Azerbaijani TV journalist claimed to be part of possibly staged video clips

 

No evidence, yet no trust

Azerbaijan is notorious for restricting free speech at peaceful times, let alone during a war. Armenian public refused to believe any claim made by Azerbaijani officials, even when there was not enough evidence to debunk those claims. For example, the public mocked the video of Armenian prisoner of war Azniv Baghdasaryan who was welcoming Azerbaijani soldiers. The woman was declared an invented character. Days later, however, Azniv Baghdasaryan was proven to be a real person: a story about her was published by Hetq.am back in 2004.

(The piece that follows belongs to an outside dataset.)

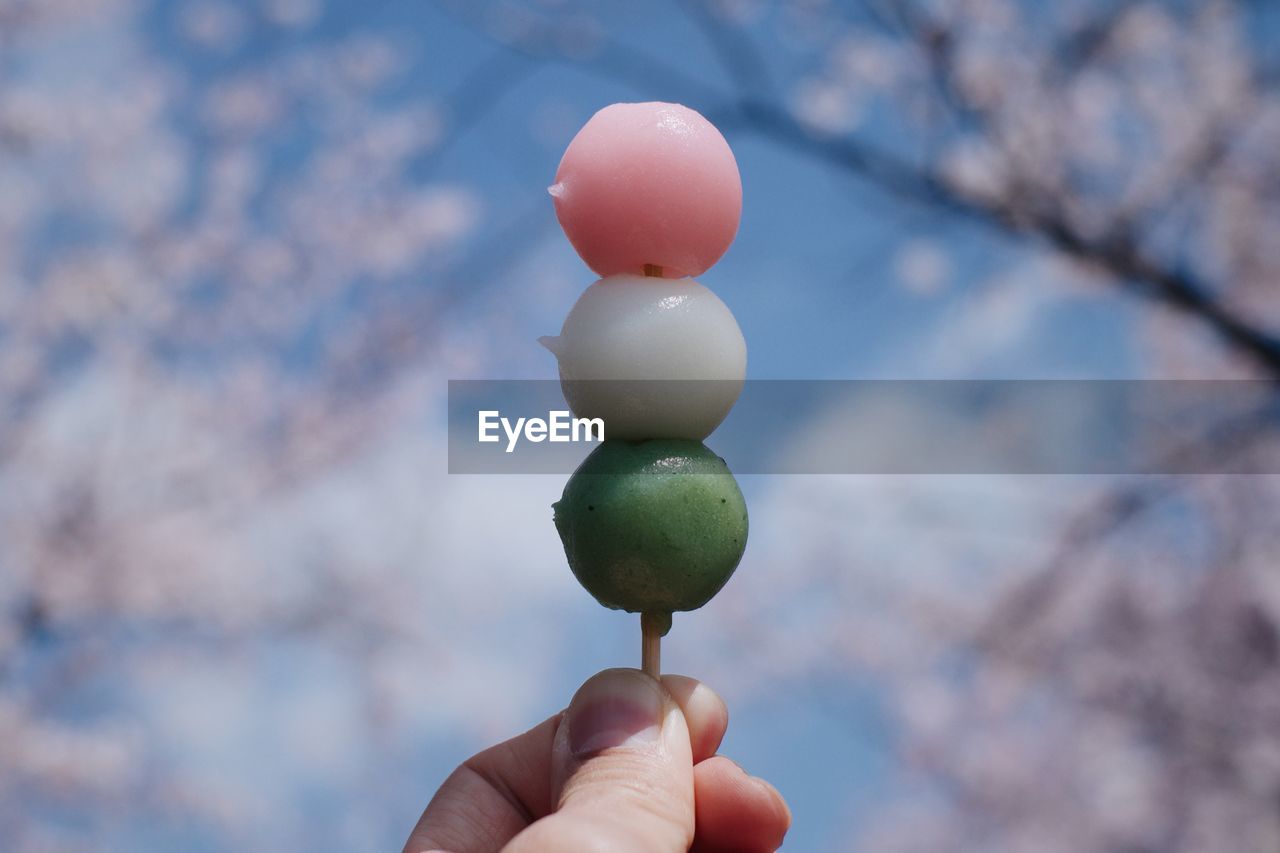 Close-up of person holding ice cream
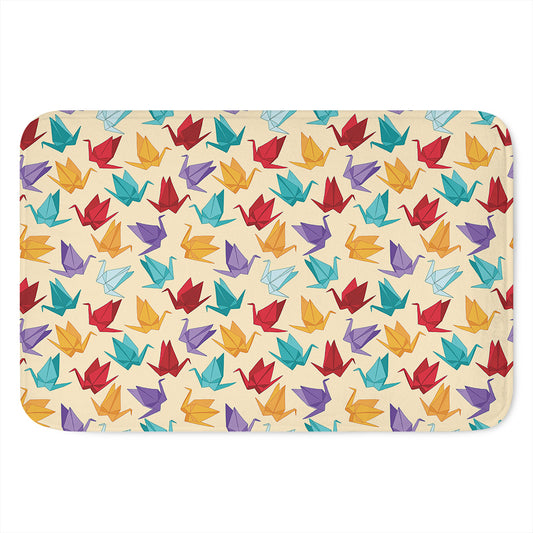 Colorful Origami Crane Pattern Print Indoor Door Mat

Backstage of the Azerbaijani propaganda video clip

 

 

Omnipresent Soros

Conspiracy theories have become an integral part of political life in Armenia since the Velvet Revolution. Conspirological narrative about George Soros is used frequently to attack post-revolutionary government both by well-established political parties, and by activist groups. During the war, Ilham Aliyev made an appearance on Russian state TV and called Pashinyan “henchman of Soros.” He repeated the claim in the domestic media as well. His choice of audiences is hardly a coincidence: authoritarian regimes of both Azerbaijan and Russia villainized and banned Soros-funded Open Society Foundation years ago. 

Nikol Pashinyan photoshopped in the photo of George Soros and Macedonia’s PM Zoran Zaev

 

In Armenia itself the theory about the government being secretly led by Soros did not fade out after Aliyev’s announcements. In his speeches opposition leader Vazgen Manukyan was eager to use the conspiracy theory to accuse the post-revolutionary government of serving evil interests.

Many of the most widespread false claims during the war were not very original. Total denial of one’s wrongdoing and mirroring accusations are characteristic of wartime propaganda. Journalists managed to debunk or verify some of the most important information during the war. But when it comes to convincing the audience, it is unclear whether the fact-checked information was as successful as propaganda.